● What to do
Leave out all pictures and retype exactly the lines from the one with "Produktbild von NOW" through the last line of the material.

● Recorded information
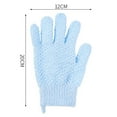thumbnail image 6 of Cheers.US 1 Pair Bath Gloves for Shower Natural Loofah Exfoliating Wash Gloves for Body and Face, Dead Skin Remover, Double Sided Microfibre Shower Body Gloves for Adults and Kids, 6 of 7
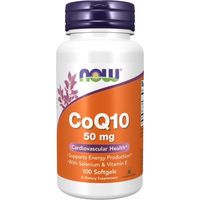 Produktbild von NOW Foods Coenzym Q10 50 mg mit Vitamin E und Selen Kapseln 100 Stück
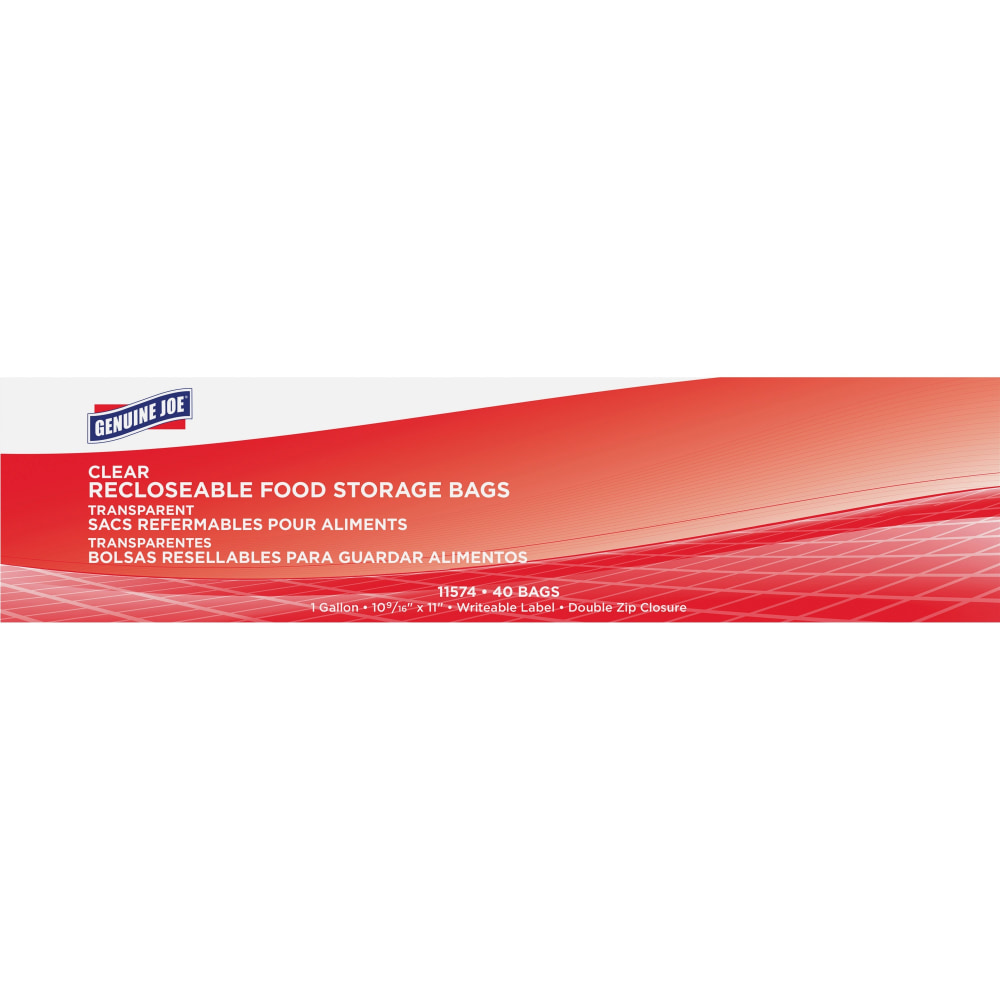 Genuine Joe Food Storage Bags - 1 gal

● Response box
 Produktbild von NOW Foods Coenzym Q10 50 mg mit Vitamin E und Selen Kapseln 100 Stück
 Genuine Joe Food Storage Bags - 1 gal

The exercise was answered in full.